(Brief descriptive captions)
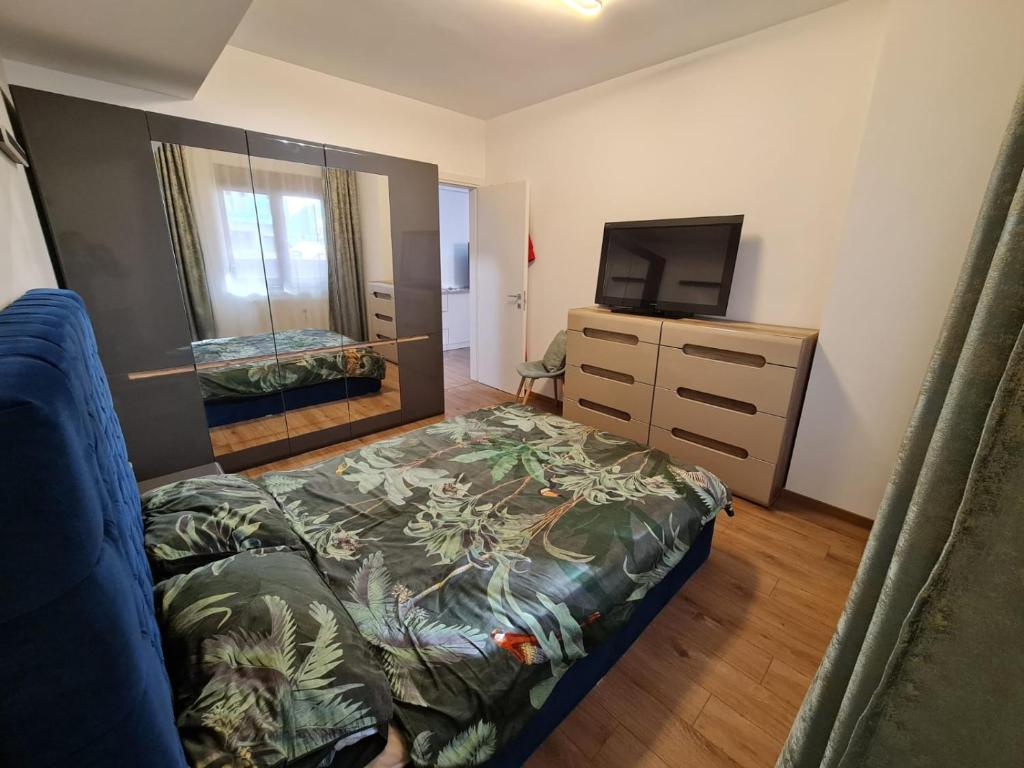 Luxury Bujorului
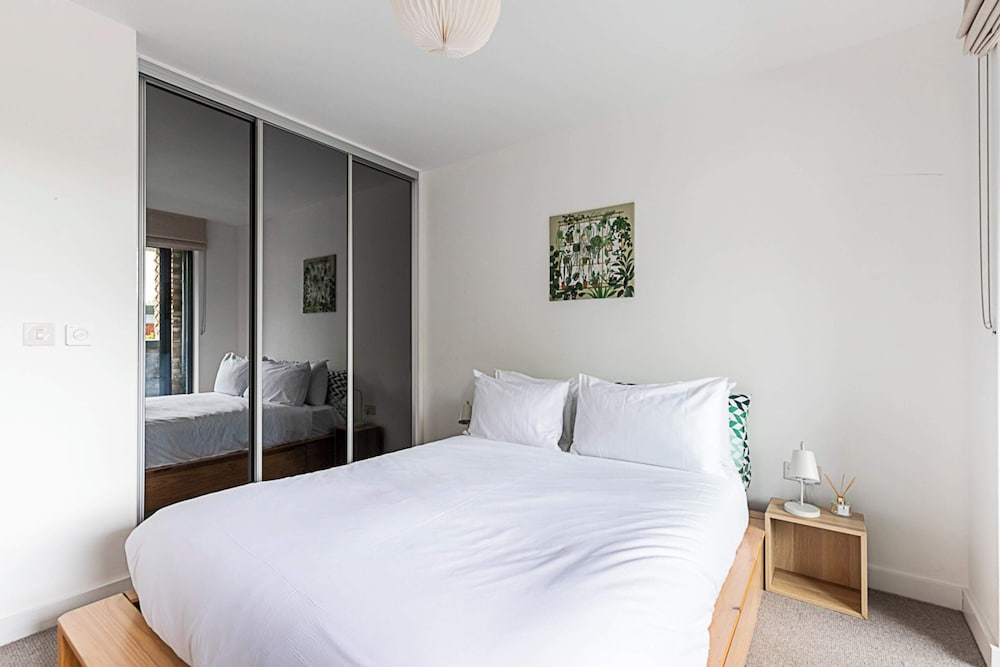 Well-connected, Cosy and Bright Modern Flat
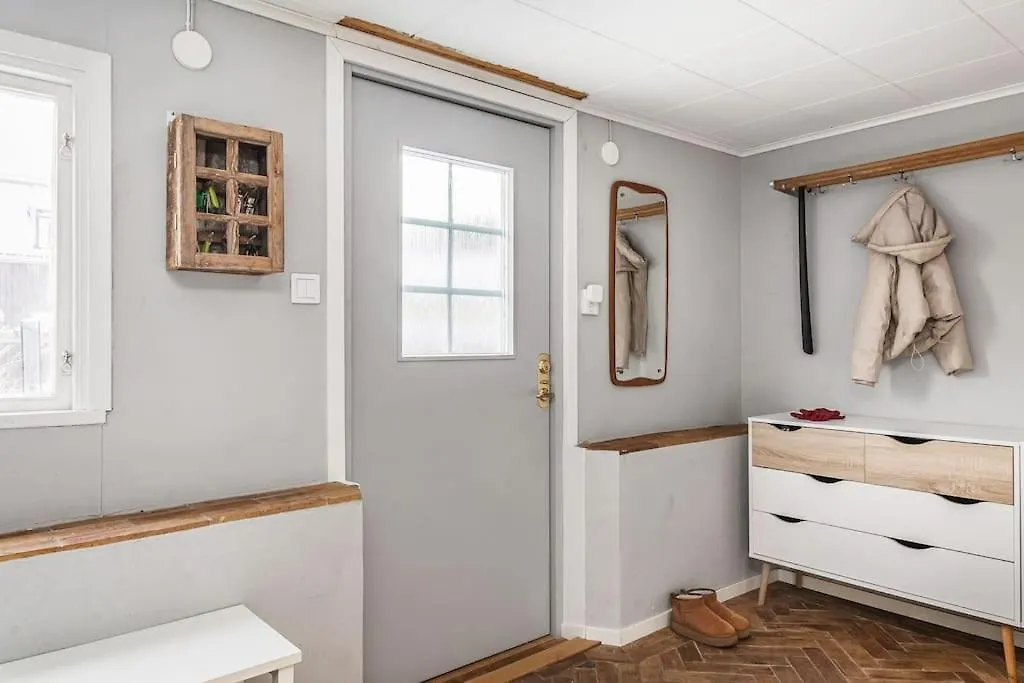 Retro Retreat With Modern Comforts Стокгольм 0*,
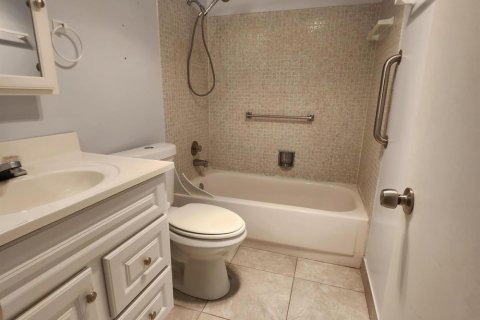 Купить кондоминиум в Дирфилд-Бич, Флорида 3 комнаты, 76.18м2, № 2083737 - фото 10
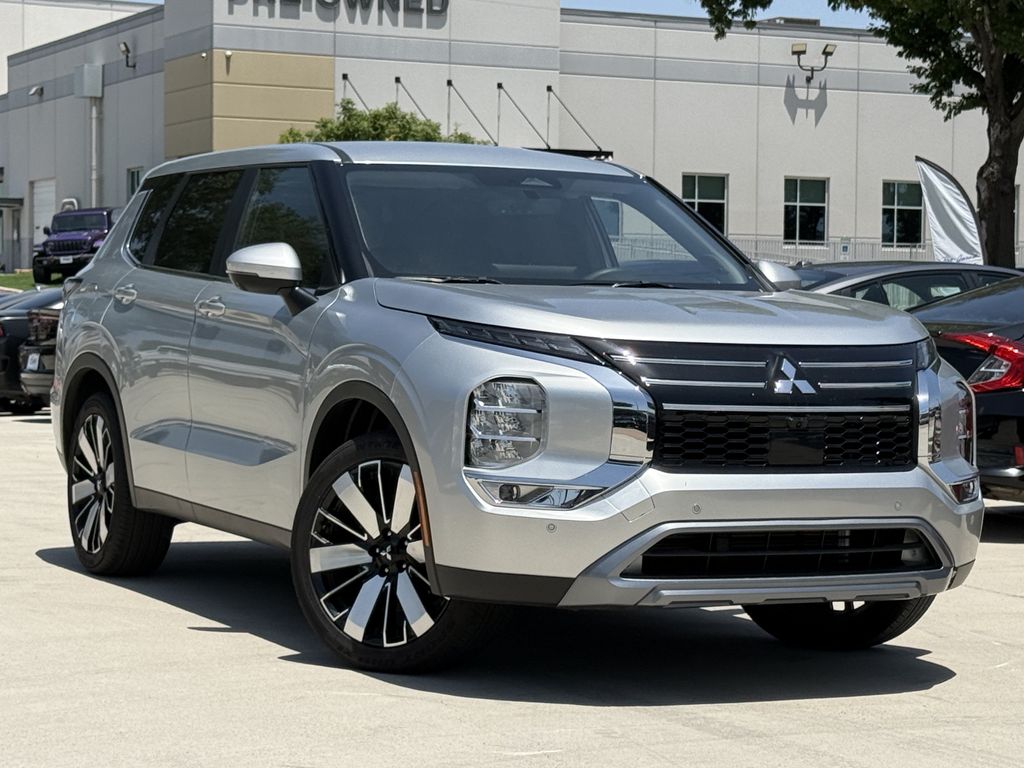 Gray 2025 Mitsubishi Outlander SUV / Crossover Front-Wheel Drive Continuously Variable Transmission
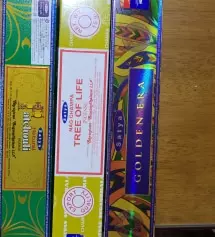 기본 나그참파 사용하다가 재구매하면서 다른향도 구매해봤어요.
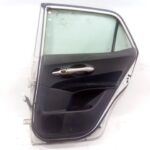 puerta_trasera_derecha_6700302250_color_exterior_070_toyota_auris_e15_1_8_hybrid_zwe150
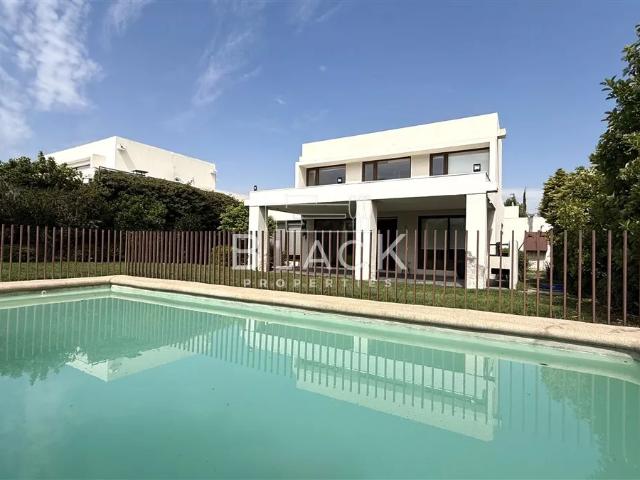 Casa En Arriendo De 4 Dorm. En Chicureo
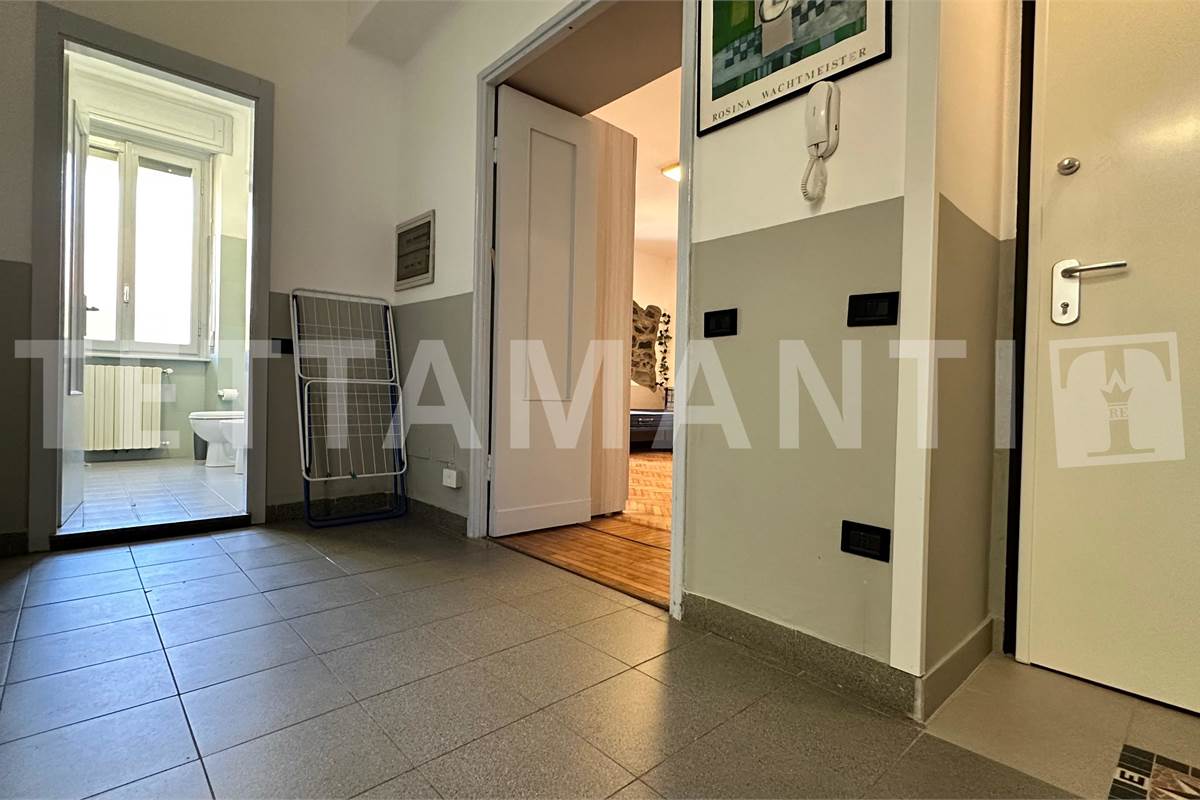 Ampio appartamento con terrazzo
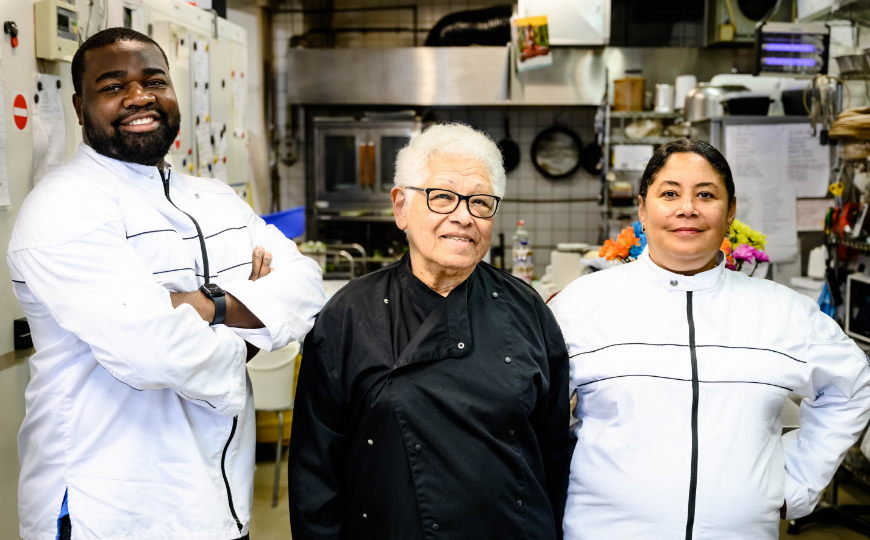 afbeelding van catering bijlmer food collective surinaams buffet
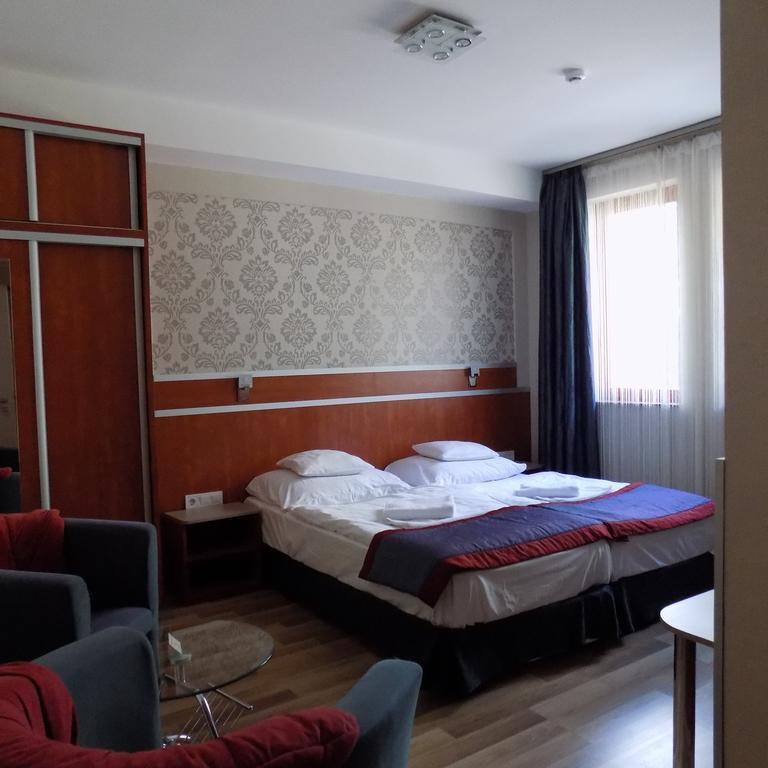 Fortuna Hotel Miskolc Exterior photo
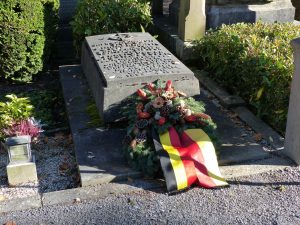Das Grab des früheren Bürgermeisters Zimmermann wird jedes Jahr von der Stadt Eupen mit einem Kranz geschmückt. Foto: OD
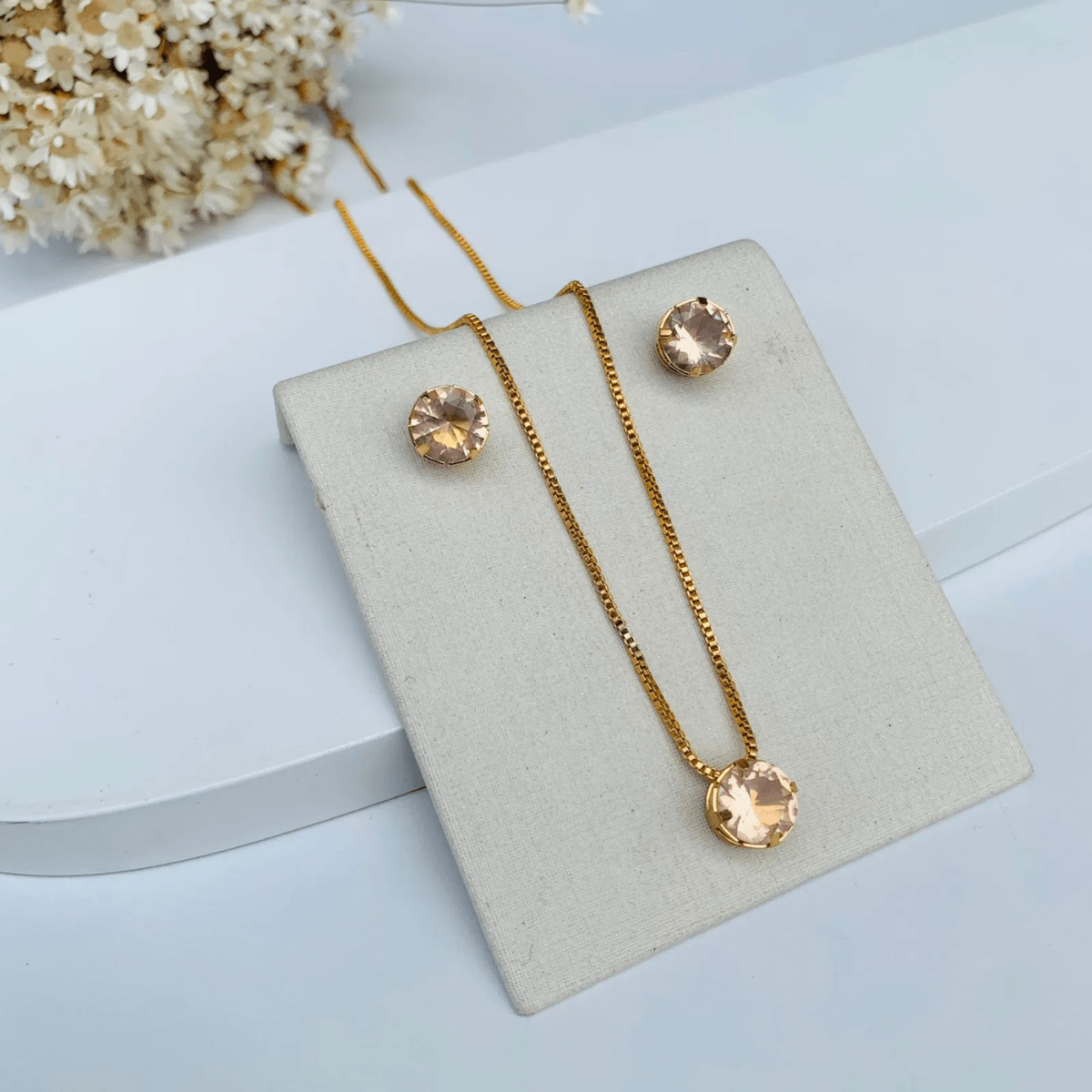 KIT COLAR COM BRINCO PONTO DE LUZ NUDE BANHO OURO Cor:NUDE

What is expected
Since the pictures are not wanted, write out the rest of the data exactly as it reads.

Answer to the exercise
 Luxury Bujorului
 Well-connected, Cosy and Bright Modern Flat
 Retro Retreat With Modern Comforts Стокгольм 0*,
 Купить кондоминиум в Дирфилд-Бич, Флорида 3 комнаты, 76.18м2, № 2083737 - фото 10
 Gray 2025 Mitsubishi Outlander SUV / Crossover Front-Wheel Drive Continuously Variable Transmission
 기본 나그참파 사용하다가 재구매하면서 다른향도 구매해봤어요.
 puerta_trasera_derecha_6700302250_color_exterior_070_toyota_auris_e15_1_8_hybrid_zwe150
 Casa En Arriendo De 4 Dorm. En Chicureo
 Ampio appartamento con terrazzo
 afbeelding van catering bijlmer food collective surinaams buffet
 Fortuna Hotel Miskolc Exterior photo
Das Grab des früheren Bürgermeisters Zimmermann wird jedes Jahr von der Stadt Eupen mit einem Kranz geschmückt. Foto: OD
 KIT COLAR COM BRINCO PONTO DE LUZ NUDE BANHO OURO Cor:NUDE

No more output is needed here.